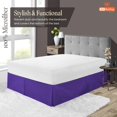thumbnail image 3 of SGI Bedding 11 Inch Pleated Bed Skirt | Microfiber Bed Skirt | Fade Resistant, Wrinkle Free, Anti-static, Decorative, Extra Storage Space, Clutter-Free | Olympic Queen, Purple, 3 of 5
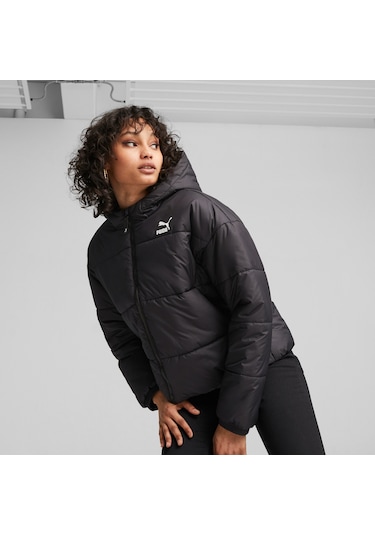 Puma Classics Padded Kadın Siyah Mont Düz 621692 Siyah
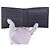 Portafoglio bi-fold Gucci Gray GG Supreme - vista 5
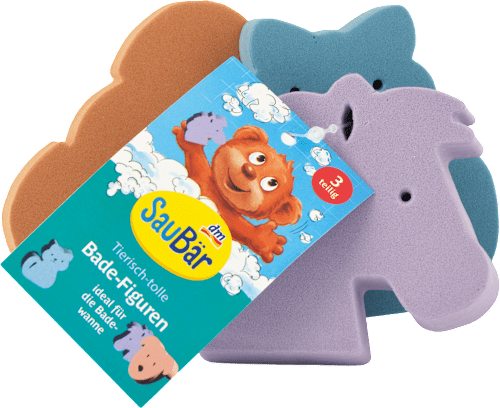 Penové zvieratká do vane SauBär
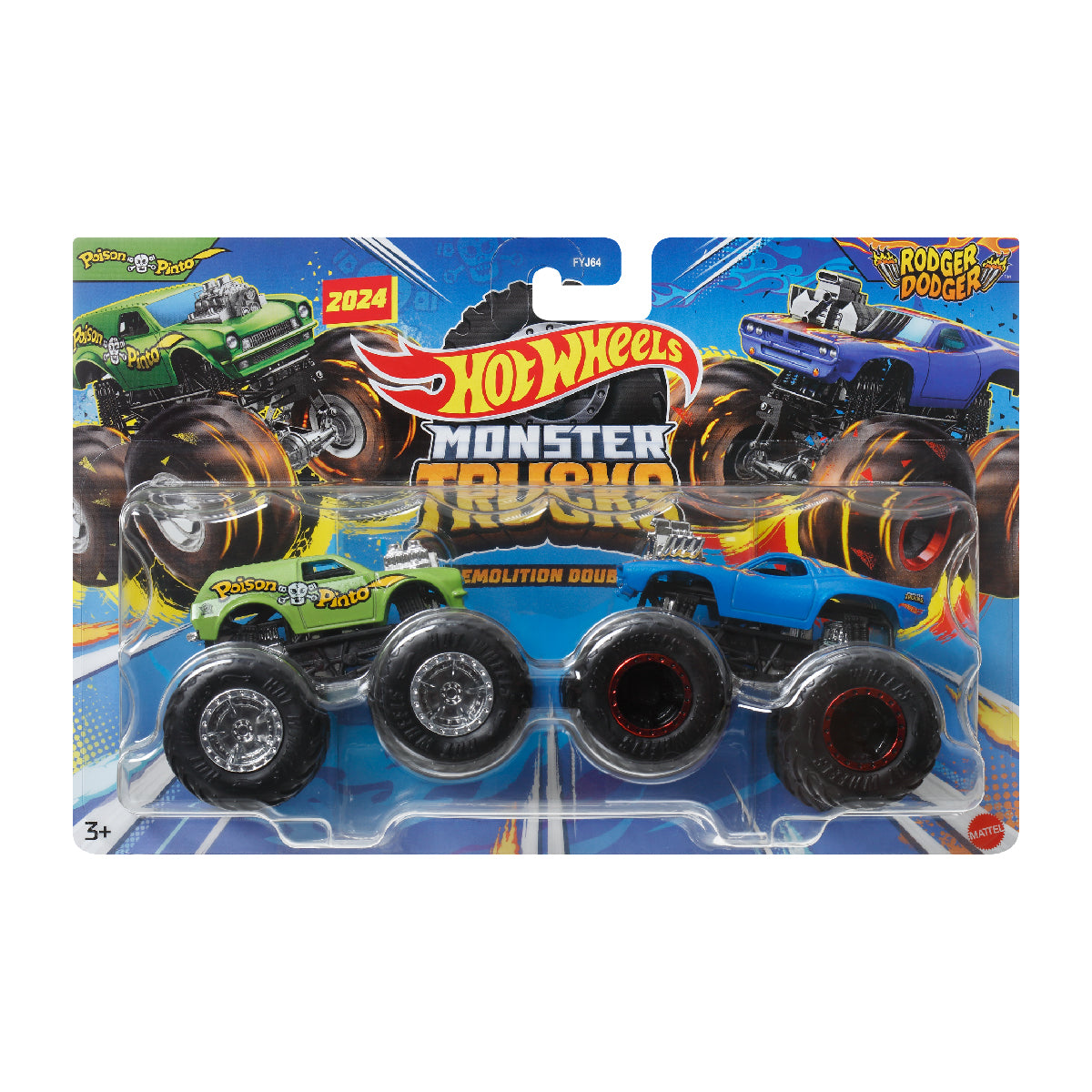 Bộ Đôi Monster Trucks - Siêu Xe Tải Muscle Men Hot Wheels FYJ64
+ + + +
**What the exercise asks:** In the records above, find the line that contains "Penové zvieratká do vane SauBär". Print it and every later line exactly, omitting the pictures.

**Response area:**
 Penové zvieratká do vane SauBär
 Bộ Đôi Monster Trucks - Siêu Xe Tải Muscle Men Hot Wheels FYJ64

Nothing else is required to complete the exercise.